Rating sucks thus us what happened to me. I just bought a brand new car 2017 Kia I had a passenger report me and said that my car was dirty. The car is 3 weeks so the pax basically lied and I'm the one who suffers my car is not dirty I wash it and vacuum it every other day weather permitting. UBER BLOWS THEY WILL GO DOWN AND LYFT IS JUST WAITING IN THE WINGS TO TAKE OVER CAN'T WAIT FOR THAT TO HAPPEN.


----------



## jfinks (Nov 24, 2016)

Uber nation said:


> Rating sucks thus us what happened to me. I just bought a brand new car 2017 Kia I had a passenger report me and said that my car was dirty. The car is 3 weeks so the pax basically lied and I'm the one who suffers my car is not dirty I wash it and vacuum it every other day weather permitting. UBER BLOWS THEY WILL GO DOWN AND LYFT IS JUST WAITING IN THE WINGS TO TAKE OVER CAN'T WAIT FOR THAT TO HAPPEN.

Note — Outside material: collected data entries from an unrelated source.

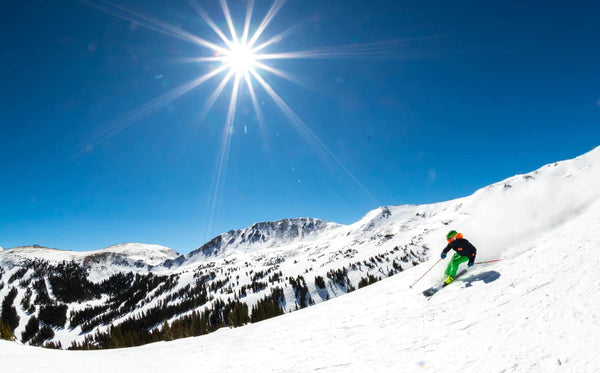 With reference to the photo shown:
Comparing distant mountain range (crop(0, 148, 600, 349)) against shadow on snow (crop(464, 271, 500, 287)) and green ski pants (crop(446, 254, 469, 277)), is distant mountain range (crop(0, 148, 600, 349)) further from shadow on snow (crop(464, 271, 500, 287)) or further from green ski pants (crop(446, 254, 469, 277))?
shadow on snow (crop(464, 271, 500, 287))

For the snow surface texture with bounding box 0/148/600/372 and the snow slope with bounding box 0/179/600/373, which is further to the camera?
the snow surface texture with bounding box 0/148/600/372

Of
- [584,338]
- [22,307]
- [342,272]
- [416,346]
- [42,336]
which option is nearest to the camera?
[584,338]

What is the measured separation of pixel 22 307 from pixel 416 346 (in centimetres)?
22868

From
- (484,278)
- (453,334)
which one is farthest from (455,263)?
(453,334)

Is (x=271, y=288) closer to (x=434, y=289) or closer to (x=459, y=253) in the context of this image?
(x=434, y=289)

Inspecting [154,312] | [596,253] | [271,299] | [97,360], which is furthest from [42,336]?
[596,253]

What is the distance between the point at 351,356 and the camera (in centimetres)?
820

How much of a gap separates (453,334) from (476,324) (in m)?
0.72

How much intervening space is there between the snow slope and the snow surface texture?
0.03 metres

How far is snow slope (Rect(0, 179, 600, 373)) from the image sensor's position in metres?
5.00

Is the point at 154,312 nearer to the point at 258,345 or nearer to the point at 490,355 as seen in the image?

There has to be more to this story than just a dirty car. You didn't get deactivated, just a note?


----------



## Uber nation (Feb 19, 2017)

I'm not deactivated just pissed off that a pax lied. There is nothing more to the story


----------



## Mvlab (Apr 12, 2017)

Uber nation said:


> I'm not deactivated just pissed off that a pax lied. There is nothing more to the story


Calm down, sh.t happens. Find this dude, change his rating to 1 and report that you didn't feel safe and it is not going to be a lie, you are suffering emotional breakdown and loosing you trust in humanity.


----------



## Uberfunitis (Oct 21, 2016)

Depending on how busy you are, you may need to vacuum your vehicle more than once a day. All it takes is for a few passengers to get in your vehicle and you may have trash all over the place.


----------



## emdeplam (Jan 13, 2017)

The point of ratings is too keep us inline ...since we are not employees, this is Ubers work around. Not them telling its the pax. Having no explaination lets Uber make the rules....too much explaination and pax has power. This is about Uber owning us not the pax


----------



## jfinks (Nov 24, 2016)

emdeplam said:


> The point of ratings is too keep us inline ...since we are not employees, this is Ubers work around. Not them telling its the pax. Having no explaination lets Uber make the rules....too much explaination and pax has power. This is about Uber owning us not the pax


It is a necessary evil, like it or not. It is better to not worry about it too much. When deactivation time comes they look at more than just the numbers, they look at specific complaints, how frequent and how serious they are.


----------



## mrwy (Jan 10, 2017)

nayeem said:


> Who thinks Uber should make the riders who rate below a 5 star write in at least 25 words why they want that driver to be deactivated?


----------



## Nick781 (Dec 7, 2014)

If someone rates a one they should write why... some pax are ****ing losers and won't say anything cause their cowards... one time I took a wrong turn that added maybe 1 minute extra to the trip and this lady made a complaint smh


----------



## Bart McCoy (Nov 4, 2014)

I thought I read somewhere uber was changing the rating system
I could be wrong


----------



## Coachman (Sep 22, 2015)

Another newbie who hates the rating system. Yawn.


----------



## Uber nation (Feb 19, 2017)

Who are u talking about


----------



## Uberingdude (May 29, 2017)

In the end it probably doesn't matter if deactivation is based on a curve.


----------



## prop (Jul 10, 2017)

Grahamcracker said:


> I think 1 star yes but not 5.


I agree, a 1* should require a comment. Maybe even a 2*, but definitely a 1* should. Higher than that though and it's not such a big deal.


----------



## Uberfunitis (Oct 21, 2016)

prop said:


> I agree, a 1* should require a comment. Maybe even a 2*, but definitely a 1* should. Higher than that though and it's not such a big deal.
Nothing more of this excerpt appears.